The memorial event took place in front of East Coast’s specially-liveried locomotive 91 111 ‘For The Fallen,’ which sports a livery filled with images, stories and tributes to regiments along the route and the people who served in them during World War One.
The train also carries the insignia of five historic regiments from the East Coast route as well as those of their modern-day successors, including the Royal Scots, today’s Royal Regiment of Scotland.
The 16th Battalion The Royal Scots was raised by Sir George McCrae, a self made businessman and prominent political figure in Edinburgh, who was also a director of Heart of Midlothian Football Club. McCrae realised that if he could get players to join his battalion, supporters would join to serve alongside their sporting heroes.
In a matter of weeks, 1,350 people enlisted, including 30 professional footballers, among them Lance Corporal James Boyd, who was killed in action at the Somme on August 3, 1916, aged 21. The last message sent home by Lance Corporal Boyd before he was killed features in the special livery on East Coast’s ‘For the Fallen’ locomotive.
The rail industry is marking this year’s centenary of the outbreak of World War One, and East Coast’s ‘For The Fallen’ locomotive is a visible reminder of the conflict, and those who shaped its outcome, to millions of passengers on one of the nation’s busiest long distance lines.

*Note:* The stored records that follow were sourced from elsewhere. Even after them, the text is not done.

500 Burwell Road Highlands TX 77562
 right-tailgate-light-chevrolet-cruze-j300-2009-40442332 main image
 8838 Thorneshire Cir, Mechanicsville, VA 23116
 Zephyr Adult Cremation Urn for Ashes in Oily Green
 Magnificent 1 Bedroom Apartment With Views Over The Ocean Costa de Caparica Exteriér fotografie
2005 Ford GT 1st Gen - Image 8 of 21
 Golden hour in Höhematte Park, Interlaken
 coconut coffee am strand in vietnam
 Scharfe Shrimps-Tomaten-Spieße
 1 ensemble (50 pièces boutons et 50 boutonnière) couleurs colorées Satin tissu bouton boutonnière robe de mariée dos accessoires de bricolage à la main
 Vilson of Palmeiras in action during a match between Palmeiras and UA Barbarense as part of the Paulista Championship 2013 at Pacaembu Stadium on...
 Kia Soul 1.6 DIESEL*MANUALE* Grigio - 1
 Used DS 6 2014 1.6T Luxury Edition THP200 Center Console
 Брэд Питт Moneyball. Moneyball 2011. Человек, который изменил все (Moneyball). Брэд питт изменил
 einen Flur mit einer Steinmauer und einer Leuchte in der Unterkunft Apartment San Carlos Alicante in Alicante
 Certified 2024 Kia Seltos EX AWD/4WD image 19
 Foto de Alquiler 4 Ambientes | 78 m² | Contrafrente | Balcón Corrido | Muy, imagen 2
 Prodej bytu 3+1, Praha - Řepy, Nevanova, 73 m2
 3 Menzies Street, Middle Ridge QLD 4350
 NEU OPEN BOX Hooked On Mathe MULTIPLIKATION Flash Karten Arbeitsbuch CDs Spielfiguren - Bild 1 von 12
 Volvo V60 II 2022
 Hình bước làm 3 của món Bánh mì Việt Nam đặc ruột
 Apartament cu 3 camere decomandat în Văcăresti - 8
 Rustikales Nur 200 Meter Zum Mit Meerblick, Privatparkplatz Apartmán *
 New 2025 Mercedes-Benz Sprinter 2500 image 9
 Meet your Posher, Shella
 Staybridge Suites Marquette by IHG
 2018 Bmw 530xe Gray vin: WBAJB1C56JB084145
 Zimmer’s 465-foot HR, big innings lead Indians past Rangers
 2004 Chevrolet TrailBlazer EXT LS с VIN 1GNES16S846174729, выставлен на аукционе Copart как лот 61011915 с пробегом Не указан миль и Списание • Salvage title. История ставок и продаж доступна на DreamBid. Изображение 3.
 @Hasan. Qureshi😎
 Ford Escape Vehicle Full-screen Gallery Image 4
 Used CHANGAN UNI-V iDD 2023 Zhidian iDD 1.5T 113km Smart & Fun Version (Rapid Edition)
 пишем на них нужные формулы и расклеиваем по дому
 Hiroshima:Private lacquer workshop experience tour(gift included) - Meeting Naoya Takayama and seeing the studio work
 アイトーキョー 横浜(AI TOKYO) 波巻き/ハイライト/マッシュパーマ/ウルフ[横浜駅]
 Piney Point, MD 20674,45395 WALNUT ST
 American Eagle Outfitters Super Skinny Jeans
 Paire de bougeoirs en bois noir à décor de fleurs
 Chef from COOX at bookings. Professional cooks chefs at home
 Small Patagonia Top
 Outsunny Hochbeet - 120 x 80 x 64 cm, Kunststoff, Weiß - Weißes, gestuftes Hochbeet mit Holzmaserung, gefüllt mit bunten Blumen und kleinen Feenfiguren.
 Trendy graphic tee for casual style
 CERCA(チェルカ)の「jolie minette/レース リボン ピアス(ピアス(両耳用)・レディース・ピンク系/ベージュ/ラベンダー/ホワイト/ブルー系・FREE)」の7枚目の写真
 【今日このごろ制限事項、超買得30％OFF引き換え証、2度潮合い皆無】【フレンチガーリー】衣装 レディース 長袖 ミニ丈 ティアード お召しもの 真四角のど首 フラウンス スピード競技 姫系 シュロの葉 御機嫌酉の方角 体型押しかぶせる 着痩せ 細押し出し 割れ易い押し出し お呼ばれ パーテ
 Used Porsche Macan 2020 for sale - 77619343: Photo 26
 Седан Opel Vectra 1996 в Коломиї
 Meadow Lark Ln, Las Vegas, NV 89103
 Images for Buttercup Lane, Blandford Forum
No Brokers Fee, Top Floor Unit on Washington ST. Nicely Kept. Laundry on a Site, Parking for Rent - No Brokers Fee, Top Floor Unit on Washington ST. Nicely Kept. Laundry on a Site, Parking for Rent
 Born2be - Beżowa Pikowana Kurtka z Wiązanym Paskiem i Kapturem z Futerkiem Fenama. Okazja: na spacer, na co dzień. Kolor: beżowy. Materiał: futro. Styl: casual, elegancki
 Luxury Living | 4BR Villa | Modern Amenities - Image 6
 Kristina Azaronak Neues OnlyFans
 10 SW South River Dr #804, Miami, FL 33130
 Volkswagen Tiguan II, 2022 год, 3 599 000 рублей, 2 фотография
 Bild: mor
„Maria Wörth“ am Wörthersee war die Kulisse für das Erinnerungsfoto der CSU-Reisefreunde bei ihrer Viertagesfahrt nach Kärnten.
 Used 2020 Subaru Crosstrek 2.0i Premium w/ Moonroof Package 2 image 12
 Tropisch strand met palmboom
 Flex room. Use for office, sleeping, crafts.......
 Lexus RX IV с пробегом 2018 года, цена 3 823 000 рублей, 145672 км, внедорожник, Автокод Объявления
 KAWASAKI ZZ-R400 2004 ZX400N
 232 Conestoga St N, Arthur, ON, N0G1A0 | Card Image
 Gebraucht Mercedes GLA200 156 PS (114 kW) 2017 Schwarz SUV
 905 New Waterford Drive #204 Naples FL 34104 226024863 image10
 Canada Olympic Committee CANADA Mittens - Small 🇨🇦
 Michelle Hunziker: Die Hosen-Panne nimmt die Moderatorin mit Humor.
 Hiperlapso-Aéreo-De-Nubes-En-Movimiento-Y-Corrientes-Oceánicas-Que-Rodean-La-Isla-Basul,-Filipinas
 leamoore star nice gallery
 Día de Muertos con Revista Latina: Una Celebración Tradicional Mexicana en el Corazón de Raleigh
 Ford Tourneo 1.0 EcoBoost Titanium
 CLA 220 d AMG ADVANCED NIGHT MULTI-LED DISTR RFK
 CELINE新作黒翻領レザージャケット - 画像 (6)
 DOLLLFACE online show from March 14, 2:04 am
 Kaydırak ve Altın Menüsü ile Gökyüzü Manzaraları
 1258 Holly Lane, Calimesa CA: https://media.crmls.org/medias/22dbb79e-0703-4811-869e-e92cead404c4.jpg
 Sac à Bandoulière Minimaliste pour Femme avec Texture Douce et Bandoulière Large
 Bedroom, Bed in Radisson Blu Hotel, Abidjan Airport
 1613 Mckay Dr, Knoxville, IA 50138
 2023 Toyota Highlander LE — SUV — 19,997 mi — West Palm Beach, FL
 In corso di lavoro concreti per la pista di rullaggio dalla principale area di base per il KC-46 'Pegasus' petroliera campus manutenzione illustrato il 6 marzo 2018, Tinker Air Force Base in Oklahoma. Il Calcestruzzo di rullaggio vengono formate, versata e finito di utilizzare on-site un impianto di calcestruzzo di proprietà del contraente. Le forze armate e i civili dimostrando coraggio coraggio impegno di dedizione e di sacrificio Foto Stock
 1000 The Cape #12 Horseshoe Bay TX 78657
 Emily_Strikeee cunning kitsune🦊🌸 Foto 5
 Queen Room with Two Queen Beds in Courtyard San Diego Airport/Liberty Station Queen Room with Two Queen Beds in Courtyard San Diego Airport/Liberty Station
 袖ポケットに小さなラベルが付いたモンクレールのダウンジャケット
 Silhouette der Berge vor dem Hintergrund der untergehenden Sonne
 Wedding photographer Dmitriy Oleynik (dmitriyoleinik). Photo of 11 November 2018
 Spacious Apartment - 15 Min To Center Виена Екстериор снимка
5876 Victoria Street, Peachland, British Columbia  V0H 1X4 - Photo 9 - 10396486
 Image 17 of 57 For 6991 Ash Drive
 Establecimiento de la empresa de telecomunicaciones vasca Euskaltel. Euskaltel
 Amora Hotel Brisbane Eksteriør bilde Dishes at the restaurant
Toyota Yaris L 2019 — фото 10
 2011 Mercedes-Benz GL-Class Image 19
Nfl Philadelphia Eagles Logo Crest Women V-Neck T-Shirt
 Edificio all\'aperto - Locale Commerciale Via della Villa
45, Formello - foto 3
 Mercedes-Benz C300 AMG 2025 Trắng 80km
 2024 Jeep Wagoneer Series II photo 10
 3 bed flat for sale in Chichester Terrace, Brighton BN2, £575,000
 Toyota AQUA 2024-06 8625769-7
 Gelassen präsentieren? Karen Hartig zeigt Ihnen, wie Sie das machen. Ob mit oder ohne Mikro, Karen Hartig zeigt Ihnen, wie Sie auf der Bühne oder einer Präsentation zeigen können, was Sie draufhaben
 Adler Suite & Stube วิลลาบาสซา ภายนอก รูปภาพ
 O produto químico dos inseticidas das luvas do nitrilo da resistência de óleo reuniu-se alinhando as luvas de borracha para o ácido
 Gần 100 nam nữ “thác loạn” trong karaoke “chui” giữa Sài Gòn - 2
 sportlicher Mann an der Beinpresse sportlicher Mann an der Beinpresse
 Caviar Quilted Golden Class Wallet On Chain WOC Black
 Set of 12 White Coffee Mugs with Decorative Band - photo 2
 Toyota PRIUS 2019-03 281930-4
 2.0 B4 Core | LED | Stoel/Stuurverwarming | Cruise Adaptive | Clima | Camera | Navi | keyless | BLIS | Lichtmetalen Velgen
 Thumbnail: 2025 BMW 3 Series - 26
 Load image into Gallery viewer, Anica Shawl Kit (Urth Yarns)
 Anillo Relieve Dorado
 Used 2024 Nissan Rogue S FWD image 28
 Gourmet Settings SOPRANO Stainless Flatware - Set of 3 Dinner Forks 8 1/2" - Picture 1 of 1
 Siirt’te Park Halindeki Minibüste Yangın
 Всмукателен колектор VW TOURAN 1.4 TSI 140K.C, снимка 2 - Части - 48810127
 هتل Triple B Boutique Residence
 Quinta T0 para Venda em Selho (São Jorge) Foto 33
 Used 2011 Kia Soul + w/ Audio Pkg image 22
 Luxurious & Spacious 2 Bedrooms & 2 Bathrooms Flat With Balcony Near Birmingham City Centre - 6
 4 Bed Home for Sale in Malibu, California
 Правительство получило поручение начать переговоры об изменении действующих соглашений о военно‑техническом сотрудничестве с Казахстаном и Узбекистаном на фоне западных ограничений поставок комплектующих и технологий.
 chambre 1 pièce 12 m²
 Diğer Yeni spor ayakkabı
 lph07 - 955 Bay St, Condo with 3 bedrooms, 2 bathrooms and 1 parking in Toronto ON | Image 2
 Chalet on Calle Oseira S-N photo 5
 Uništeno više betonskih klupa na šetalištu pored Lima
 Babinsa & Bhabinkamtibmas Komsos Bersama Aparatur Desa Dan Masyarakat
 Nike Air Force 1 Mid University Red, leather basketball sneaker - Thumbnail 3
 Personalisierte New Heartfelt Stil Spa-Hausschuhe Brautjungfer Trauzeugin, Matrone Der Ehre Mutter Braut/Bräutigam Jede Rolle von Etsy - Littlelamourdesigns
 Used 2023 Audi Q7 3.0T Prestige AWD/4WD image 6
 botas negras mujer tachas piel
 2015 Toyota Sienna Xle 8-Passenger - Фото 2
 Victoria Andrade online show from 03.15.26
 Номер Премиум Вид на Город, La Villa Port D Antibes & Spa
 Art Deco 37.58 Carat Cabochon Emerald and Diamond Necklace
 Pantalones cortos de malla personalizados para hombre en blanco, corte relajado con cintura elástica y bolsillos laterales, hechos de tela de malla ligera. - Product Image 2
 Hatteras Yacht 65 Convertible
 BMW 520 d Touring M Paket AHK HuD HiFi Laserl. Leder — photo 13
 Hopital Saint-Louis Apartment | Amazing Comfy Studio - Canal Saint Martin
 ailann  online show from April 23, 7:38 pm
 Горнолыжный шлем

East Coast Deputy Managing Director Andy Meadows said: “The whole rail industry has rightly been marking the centenary of World War One. ‘For The Fallen’ is East Coast’s individual tribute to those who went to war, and to those who made the ultimate sacrifice.
“We worked on the design of our commemorative loco with five regiments on the East Coast route, including the Royal Regiment of Scotland. It takes some of the stories, images, facts and history behind the regiments, and the Great War, to millions of our passengers across the country.”
Lance Corporal James Boyd sent his final message from the Front on a Field Service Postcard, which gave soldiers a number of pre-written statements. These could be deleted as necessary, and they were not allowed to write anything on it except their name and the date. Soldiers were warned: “If anything else is added, the postcard will be destroyed”, and these provided a quick way for soldiers to say ‘I am quite well” and that a letter will follow shortly. Sadly, and all too often, that letter would never be written.
Owner of Hearts Ann Budge said: “I am very proud to be able to represent Heart of Midlothian FC at such a fitting ceremony. Especially at the station where so many of our boys set off from to defend their country 100 years ago.”